Either way, dealers are morons when it comes to tire pressure, same as most shops. I doubt they were evenly-filled at first and then driver-side lost air -- they were filled wrong to begin with. I wouldn't worry about it at all, just drop them down to around 33 front / 31 rear (measured cold) and have fun.

Stan
 

·
Premium Member
2013 Kia Rio Automatic
Joined
·
1,639 Posts
Ostrich, I am wondering what part of earth you are from? Reason I ask is I remember my Foz used to lose about 3 MPG with the combination of the winter mix of fuel as well as the colder temps in the winter. Of course if you are in like Miami, disregard...

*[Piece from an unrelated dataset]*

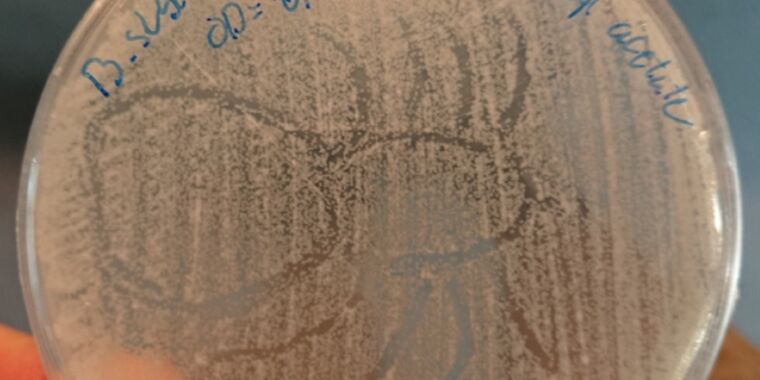 Myth, busted: Spider silk might not have antibiotic properties after all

PS. I found this out the hard way. I ran out of fuel! hehehe, and had to walk 2 miles, up hill in the winter time, in six feet of snow, barefoot (okay I am exaggerating a little here)....to get fuel because of the difference in MPG during my first winter.
 

·
Registered
2004 Forester XT
Joined
·
180 Posts
Did you get a dial gauge or a pen gauge? Most pen style gauges aren't the most accurate, a good dial gauge that holds peak pressure until released is the way to go. And I have to concur with the fact that most dealers/quickie lube shops aren't the most detail oriented for tire pressure.

As for possible damage, it's highly unlikely with that few miles. The gas mileage is probably due to winter fuel blends/weather and it being a new motor. Give it another 5 to 10 thousand miles before you can really start to see accurate MPG's.
 

·
Registered
2010 Forester
Joined
·
121 Posts
My dealer keeps putting 45 psi in our tires. Porbably won't be our dealer for service much longer. The theory is that it keeps the TPMS system from ever bothering them with low tire pressure alerts. Our 2010 does not drive well with that much air in the tires, feels like it is on tip toes. Can't be much use for tire wear, either.